Someone whose son died of CF doesn't want to hear that maybe you should have stopped smoking or read the work of someone who got better by being very picky about things LIKE that. They don't want to be exposed to anything that makes them feel like you are telling them "YOU killed your son by not quitting cigarettes."

I never said anything like that to her but I knew that's what the issue was.

If you knew me when I was on some CF list or other, I probably don't remember your name. If you heard people talk trash about me for some reason and chose to let them decide for you what to think of me, well, maybe think about how foolish that is as a policy generally and don't make it my issue. I don't really care.

I never found any friends nor social support in CF land. I mostly was met with a wall of animosity.

While I certainly understand why people with a deadly condition were untrusting of someone they didn't know who had no formal medical credentials talking about eating differently and such, I don't think I deserved the hostility with which I was treated by so many people.

If the info on my blog helps you, cool. But you and I nominally having the same diagnosis of CF doesn't make you and I friends NOW anymore than it did when I was looking for friendship, a social circle and support and mostly got hated on for seeing the problem space differently.

I saw it differently in part because I was diagnosed late in life, so I spent nearly thirty-six years dealing with my defective body with no name for what was wrong with it, so I wasn't being told what other people thought about how my condition worked. I was free for thirty-six years to think about my body without a label and without any people or books or articles telling me "THIS is what we think goes on with people with that label."
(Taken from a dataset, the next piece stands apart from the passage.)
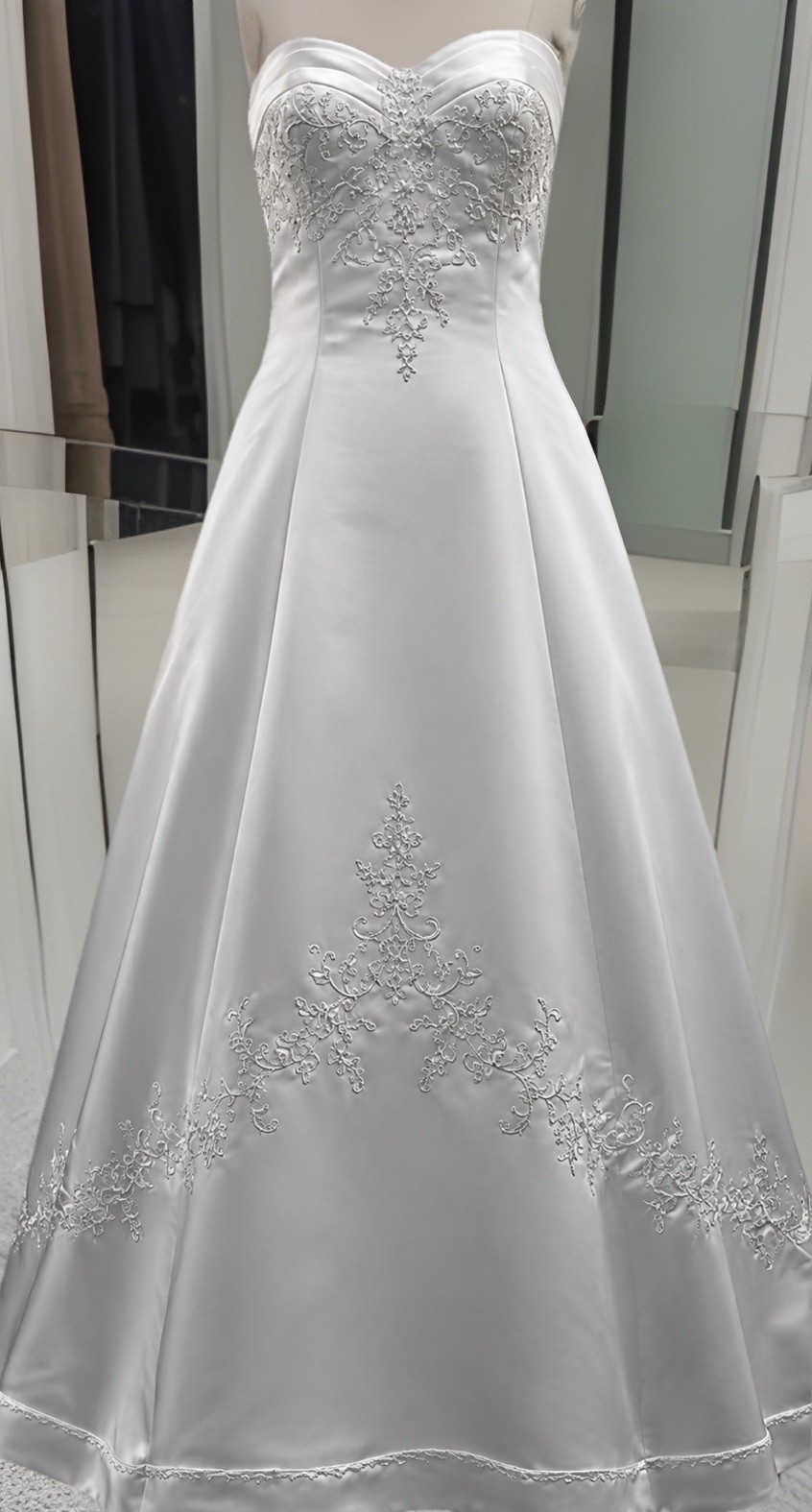 Morilee Madeline Gardner MOR3600 Satin A-Line Wedding Dress Beaded Size 8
So when I finally had "a label for my condition better than hypochondriac," I was more resistant than most people with CF to simply believing whatever doctors and medical articles TOLD ME to think about what was going on with my body.

I also was molested as a child and did therapy in my teens and twenties. This was an exercise in becoming skeptical of the things people say and learning to "believe my eyes over my ears."
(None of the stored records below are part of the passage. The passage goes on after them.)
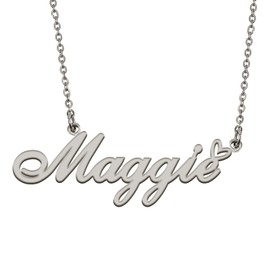 HUAN XUN Silver Initial Letter Necklace for Women Girls Maggie Custom Nameplate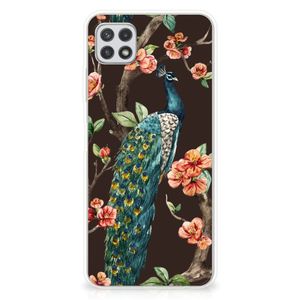 Samsung Galaxy A22 5G TPU Hoesje Pauw met Bloemen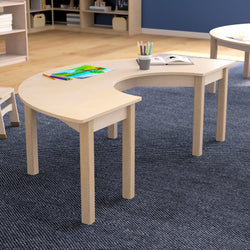 Bright Beginnings Commercial Grade Wooden Half Circle Preschool Classroom Activity Table, (29.5"W x 59"D x 18"H), Beech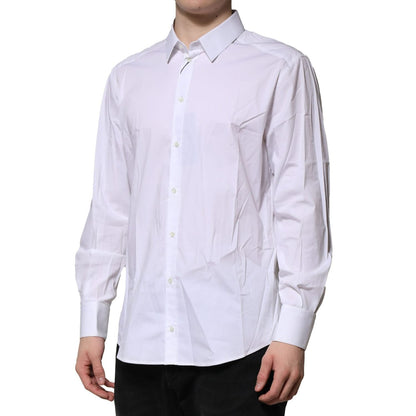 Dolce & Gabbana White Cotton GOLD Long Sleeves Dress Shirt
It armed me, again, to take a critical eye to things I was being TOLD about CF that didn't make sense to me rather than assume "I'm not a doctor. I must not be smart enough to understand it and that must be why it makes no sense."
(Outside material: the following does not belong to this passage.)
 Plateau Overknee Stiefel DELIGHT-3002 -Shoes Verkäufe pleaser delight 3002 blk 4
See also: Too Little Mucus (NSFW).

I'm not necessarily "smarter than you." I just felt free to ACTUALLY put my brain in gear and THINK about things rather than just take the word of people I thought were "smart" and do as I was told out of fear because CF is deadly and not only does that fact psych a lot of people out but when my son with CF lost five pounds after gaining twenty, his CF team was implying they were going to report me to social services for child abuse if he didn't regain the weight.

I put a big bowl of chocolates and other CRAP on the coffee table, encouraged him to eat and when he gained back 2.5 pounds, they said "Good enough," didn't schedule another appointment and quit acting like the Gestapo trying to find an excuse to send me off to a concentration camp.

We got home, he picked up the bowl, handed it to me and said "We are NEVER doing this again. I feel AWFUL." And we went back to doing the stuff I write about here that was working for him, which unfortunately apparently isn't a LEGAL defense or some shit.

My son was fourteen when he was diagnosed. It wasn't long before he was a legal adult and entitled to say in his own name "They can take this crap and shove it. I ain't doing this no more."

If you have a child with CF, odds are good you never felt free to question medical authority for fear of being accused by a medical professional of medically abusing your child.

I'm sorry the medical system is SUCH SHIT. Please don't take your anger out on me over it.